Kidney Transplants at Risk for HIV Infection for HIV Patients

A large percentage of patients that are HIV positive will at some point deal with kidney damage or failure. It is for this reason that at least 1000 kidney transplants are needed for HIV-positive patients. HIV infection can target kidney functions, and at times, the transplant is rejected or also becomes infected with the virus. For the most part, a transplant in an HIV-positive patient is successful, but the percentage of those rejected is higher than for those who aren’t HIV positive. One medical institute decided to look into why this was this case.

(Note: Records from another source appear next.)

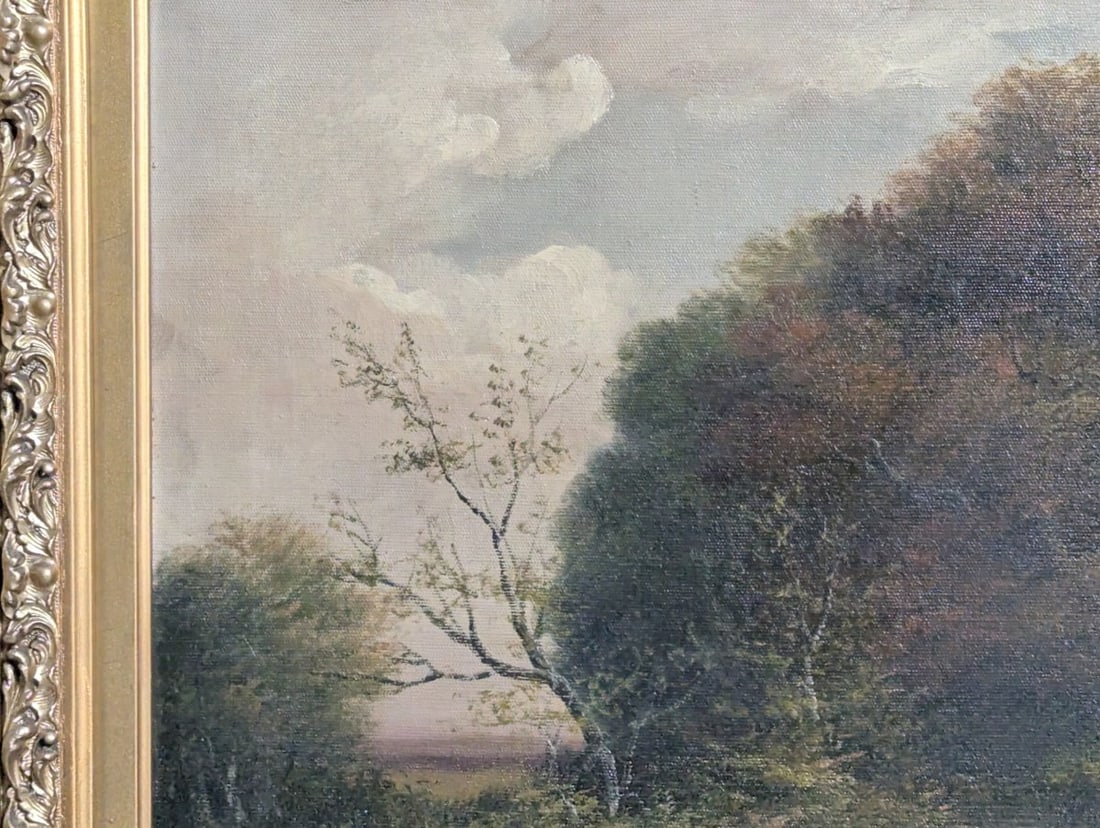 Unsigned Pastoral Landscape Oil Painting with Sheep in Ornate Gilt Frame - 3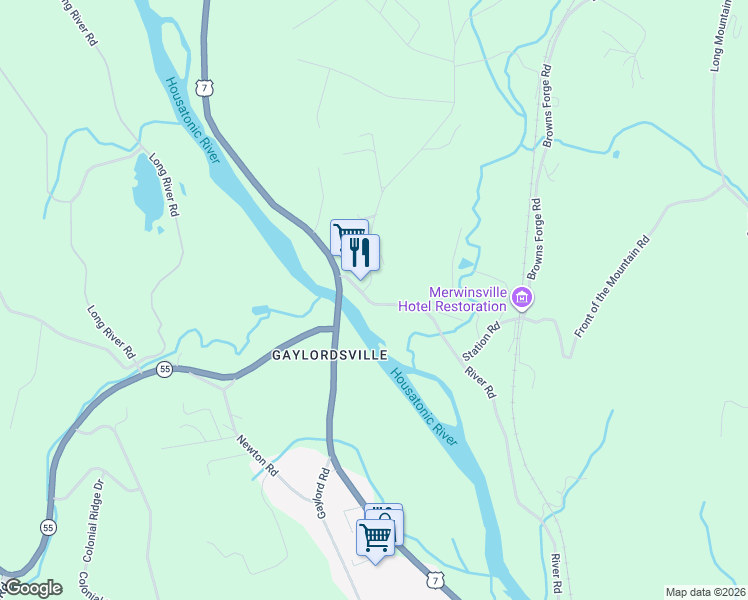 map of restaurants, bars, coffee shops, grocery stores, and more near 11 Riverview Road in New Milford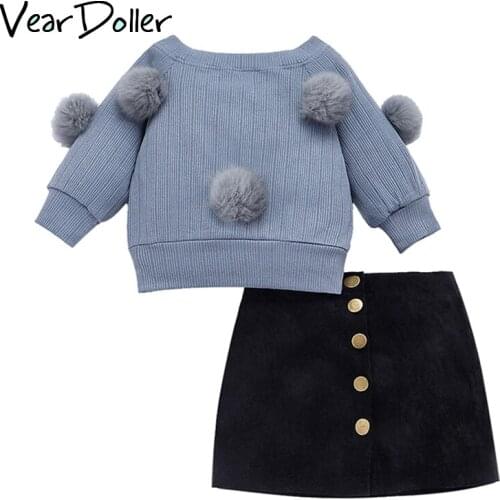 VearDoller Girls Clothing Set Winter New Arrival Long Sleeve Top + Single Breasted 2pcs Suit Fluffy Ball Decorate Childrens Set
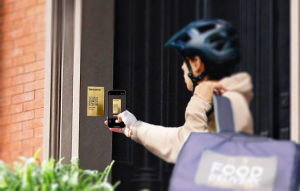 A photo of ButterflyMX's new QR code-activated control system in use.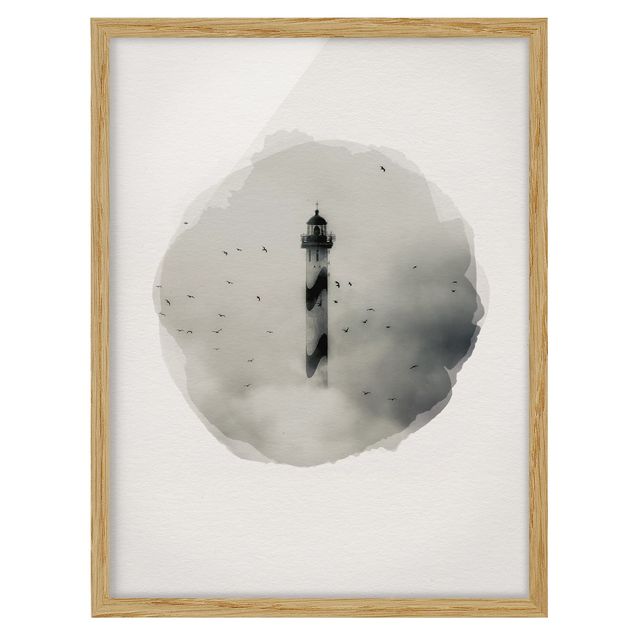 Poster con cornice - Acquerelli - faro nella nebbia
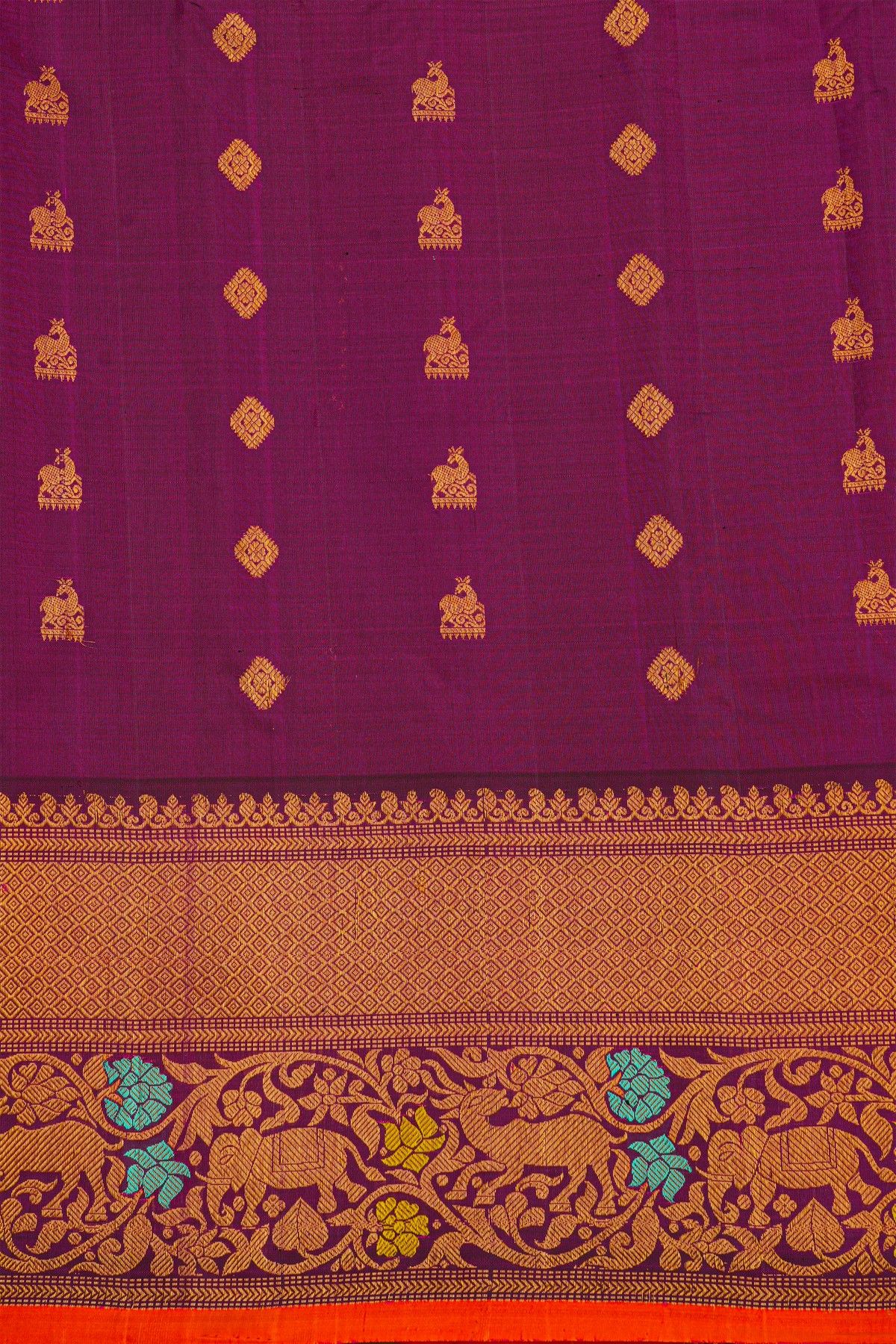Gadwal Silk Dark Pink Saree With Florals And Buttis Body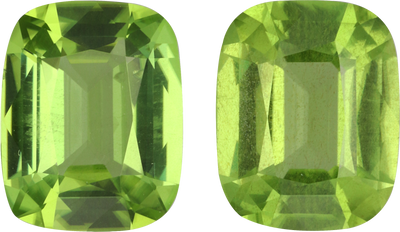 Cushion cut peridot, 11 by 8.8 mm, shown at actual size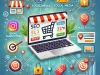DALLE 2025 01 14 16.55.59 A visually engaging and professional illustration representing e commerce marketing strategies. The image features a laptop displaying an online store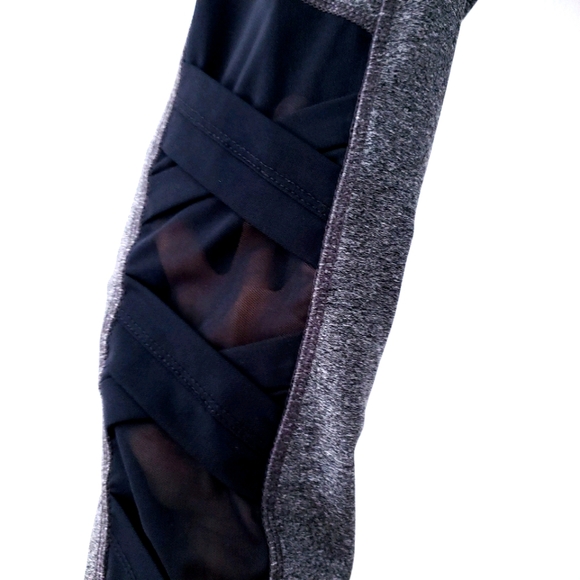 REFLEX Leggings Mid Rise Grey Sheer Detail - Picture 6 of 8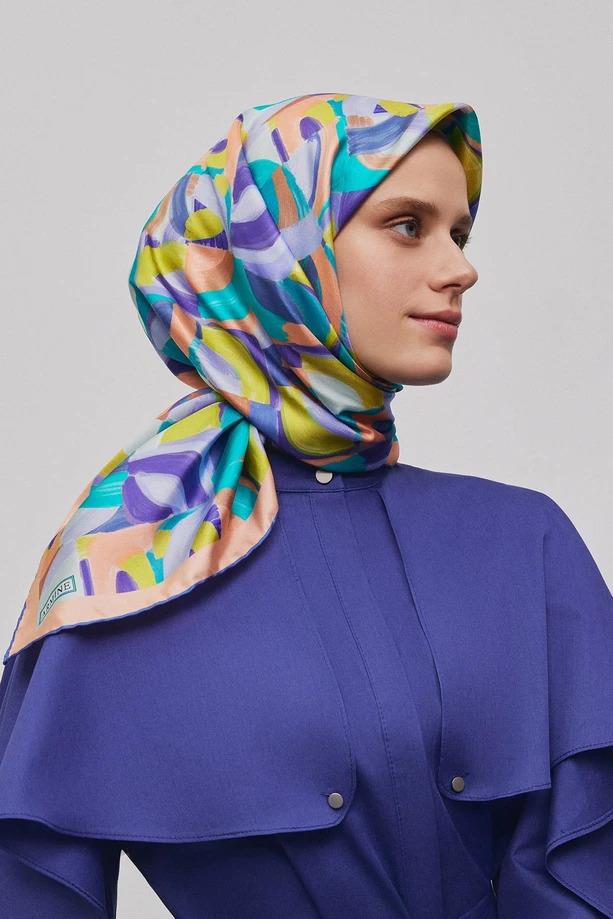 Armine Desenli Saf İpek Twill Eşarp 9329--05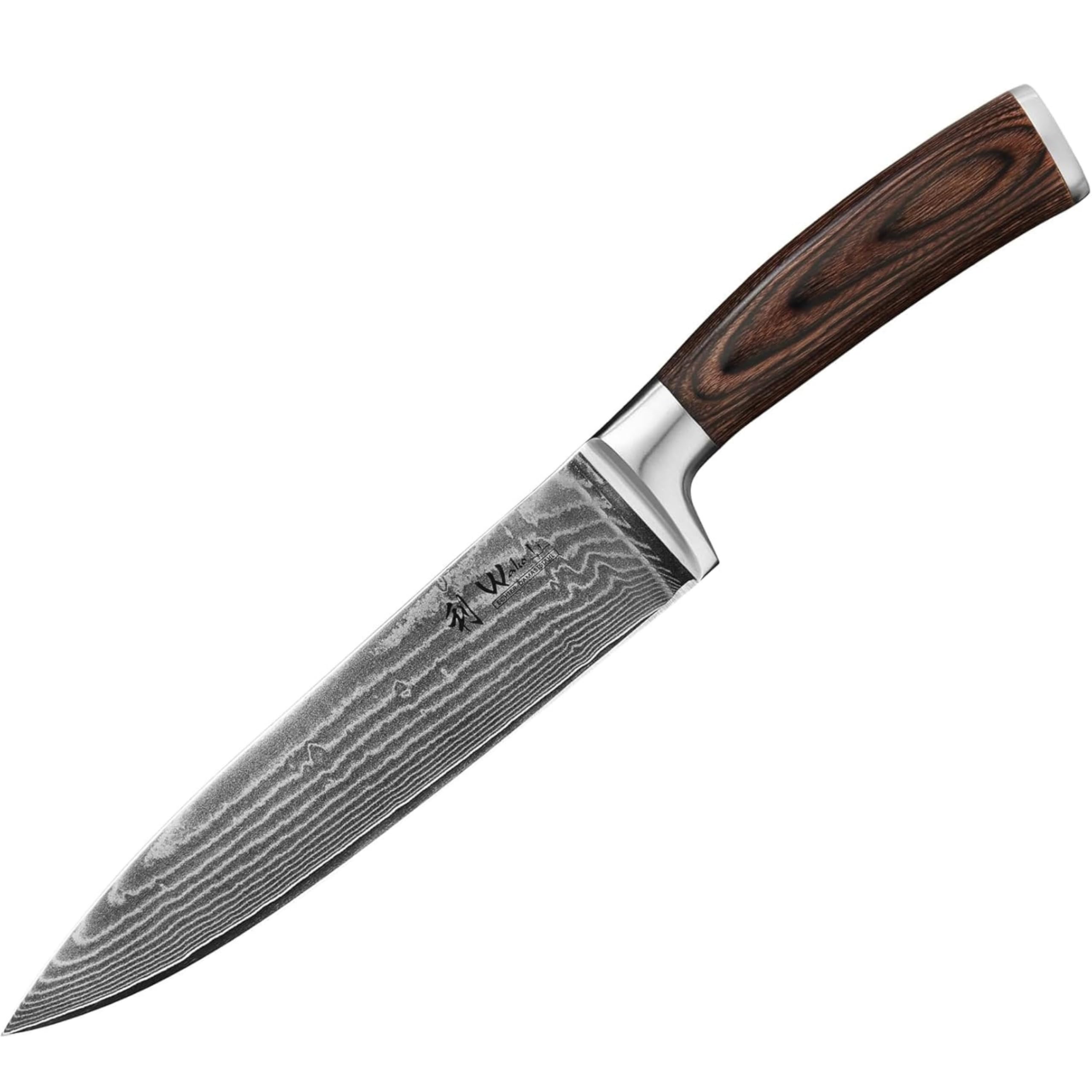 WAKOLI EDIB cuchillo de chef de 20 cm en acero de damasco de 67 capas con núcleo VG10, para carne, pescado, verduras y hierbas, mango de madera Pakka, caja de regalo | para la cocina profesional, con hoja afilada de 67 capas y núcleo VG10, proporcionando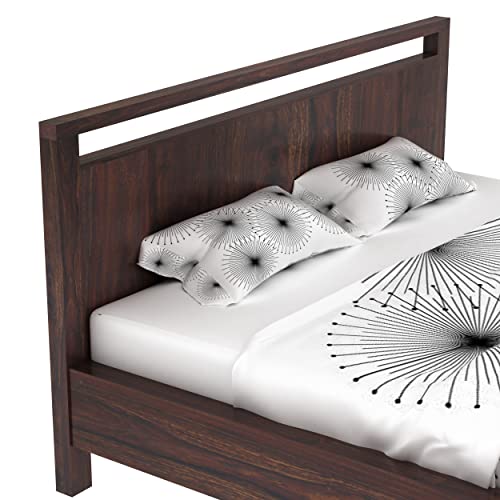 Image of Wooden King Size Bed Without Storage | Solid Wood Double Bed Cot Durban Bed for Bedroom | Sheesham, Walnut Finish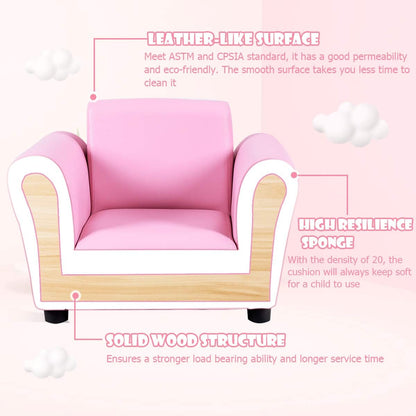 Kids Couch with Ottoman, Child Size Sofa with Roundy Footstool, PU Leather, Anti-Slip Pad, Mini Toddler Toy Story Chair for Playroom Furniture (Pink)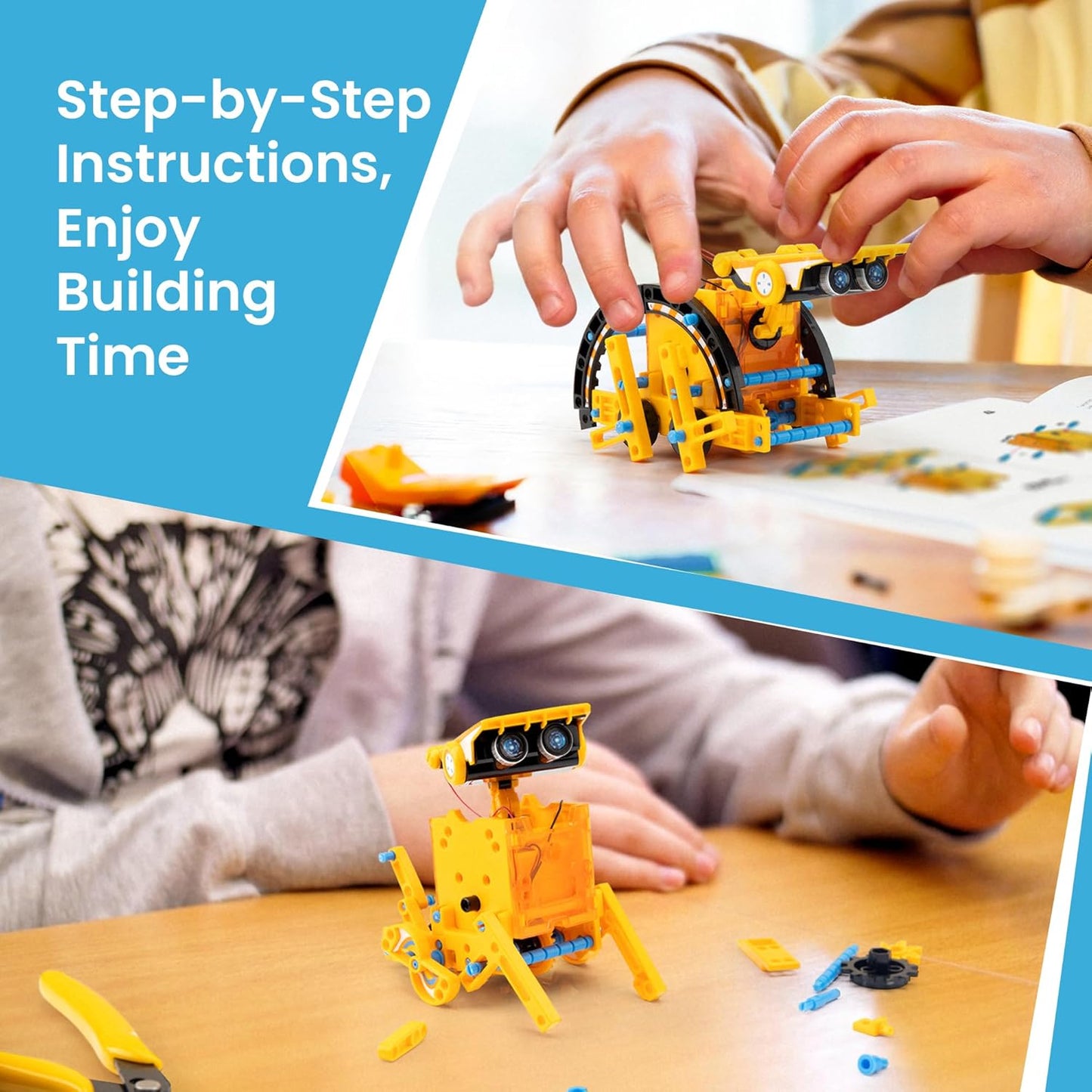 Sillbird Solar Robot Building Kit STEM Gift for Boys Aged 8-12, 12-in-1 DIY Science Educational Robotic Toys for Kids Teens Birthday, Powered by the Sun with 190 Pieces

From 2006 to 2011 a study was conducted on 19 patients who were both HIV positive and had kidney transplants. The findings were dramatic, as 68 percent of the transplants became infected with HIV. The number came as a surprise because some of the patients had little to no viral load evident in their blood. Those with undetectable levels of the virus were of particular interest: Even with no trace of infection—thanks to regular antiretroviral treatment—the HIV made its way into the new organ. Next, researchers found one of two types of infection in the kidney. The first one involved podocyte cells and other tubular cells, which each manifesting differently. In particular, podocyte cells in the kidneys, which are the cells involved in the process of filtering the blood, were a target for the HIV. Kidney dysfunction is one of the clinical signs of this type of infection, while the other kind of infection is more inconspicuous.

During the trial, a new way to identify kidney infection was developed. The process involved examining patients’ urine. This made it easier for participants to be tested. The results of this study will hopefully bring about ways to reduce organ rejection and infection, and improve the overall results of kidney transplants in HIV patients.